Take Calgary-based Enerplus for example. Enerplus is a successful E&P company with best-of-breed properties on both sides of the border. Its former CEO of 12 years, Gordon Kerr, successfully guided the company through its restructuring process when Enerplus transitioned from a Canadian oil and gas trust to a traditional E&P company. About 18 months ago however, Kerr made the decision to step down as CEO and president. Enter Ian Dundas, Enerplus' new CEO and president, and formerly the company's COO and executive vice president.

Having worked for Enerplus since 2002, Dundas had the advantage of knowing the company's culture and portfolio of properties from the inside. He held positions ranging from vice-president of business development, where he was responsible for acquisitions and divestment strategies, to COO and EVP, where he oversaw the development and execution of Enerplus's operational strategies and strategic planning.

However, ask Dundas about how he has seen the role of CEO evolve since he started at Enerplus in 2002, and he'll tell you: "I believe there's more complexity to the role of CEO than there's ever been. Capital market demands, environmental issues, active community participation, are all competing for a larger share of a CEO's time. And there's more communication both internally and externally than I ever realized. So if you aren't comfortable communicating you'd better get comfortable quick or the challenges of this position can quickly overwhelm you."

Communication at Enerplus, both internally and externally, played a particularly important role during Dundas' CEO appointment. The company was engaged in one of its most strategic transactions, the repositioning of the Enerplus portfolio from low-margin, shallow Canadian gas to higher margin resource potential with a focus on organic growth.

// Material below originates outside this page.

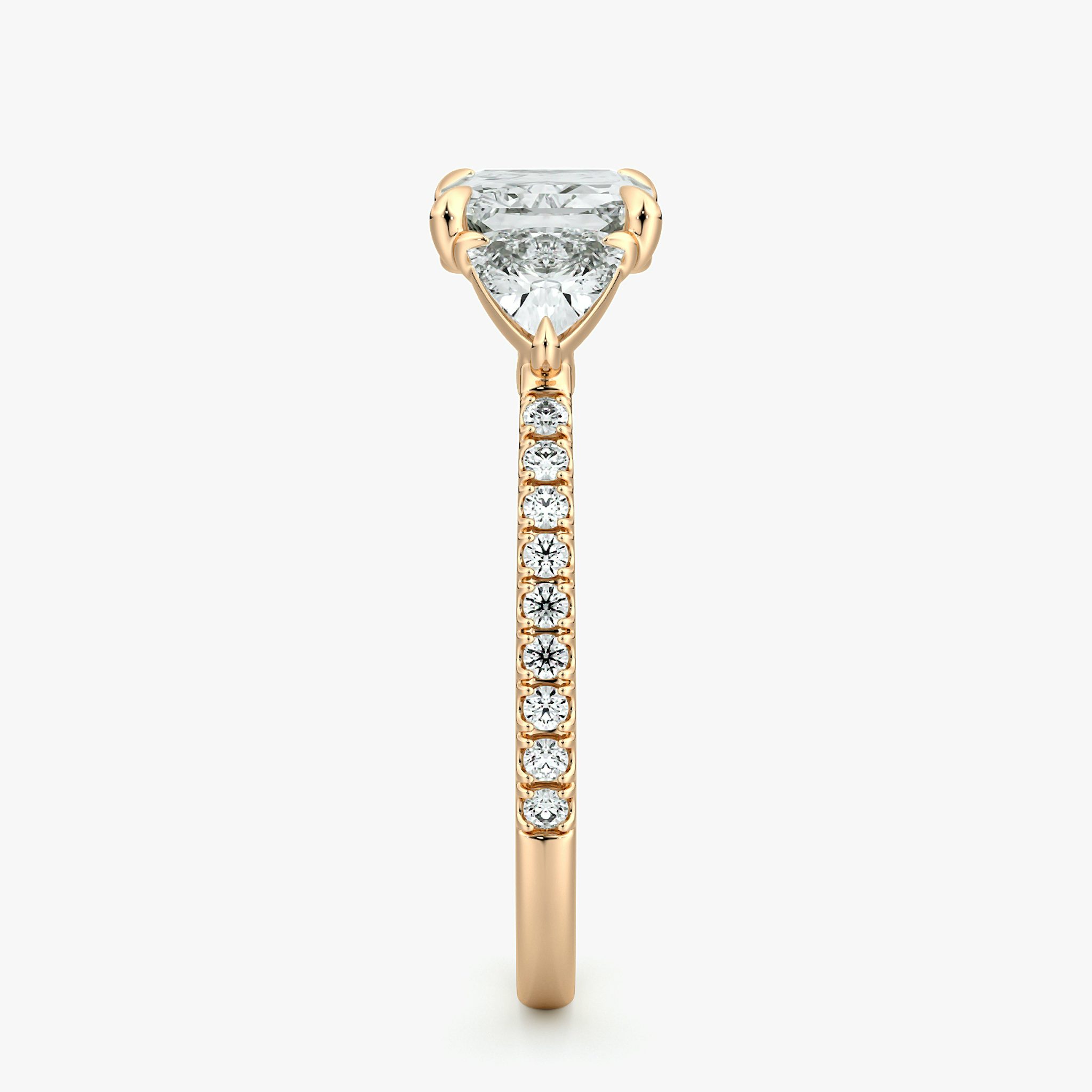 The Three Stone | Radiant | 14k | Rose Gold | bandAccent: Pavé | diamondOrientation: horizontal | sideStoneCarat: 0.25ct | sideStoneShape: Trillion | caratWeight: other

Dundas explained, "We started looking at our portfolio and the changing landscape of our resource potential, and quite frankly we didn't like what we saw. We were too scattered. We were too focused on low-margin business. We therefore made the decision to divest our low-margin shallow gas properties. And we redeployed capital toward higher-margin oil and natural gas properties, focusing on organic growth."

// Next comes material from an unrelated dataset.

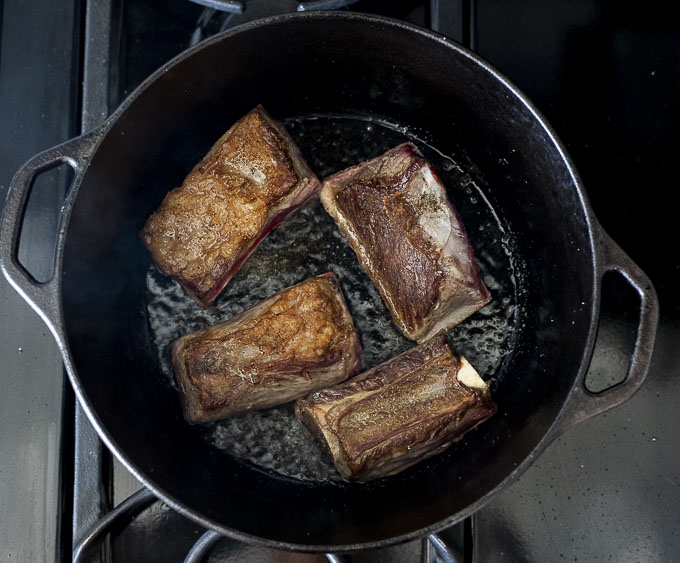 beef short ribs browning in a pot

The portfolio repositioning, clearly the correct decision, required constant communication with employees, shareholders, and community officials. And, as Dundas simultaneously communicated the benefits of the repositioning and navigated the company through a series of complex A&D transactions designed to make the company more profitable, his responsibilities continued to grow. From chief decision-maker to chief communicator to chief operations overseer, Dundas donned a new hat each day with new responsibilities.

The hard work, however, started to pay strong dividends as Enerplus's portfolio transitioned from a low-margin, shallow Canadian gas portfolio to a high-margin, resource- rich portfolio focused on organic growth.

Before long, Enerplus' relatively small production profile in the Bakken had grown from 10% of daily production to more than 25% of the company's daily production. As for the Marcellus, the results were even more astounding. Enerplus had grown from virtually no production in the play to exploitation efforts that were now contributing more than 50% of the company's daily natural gas production.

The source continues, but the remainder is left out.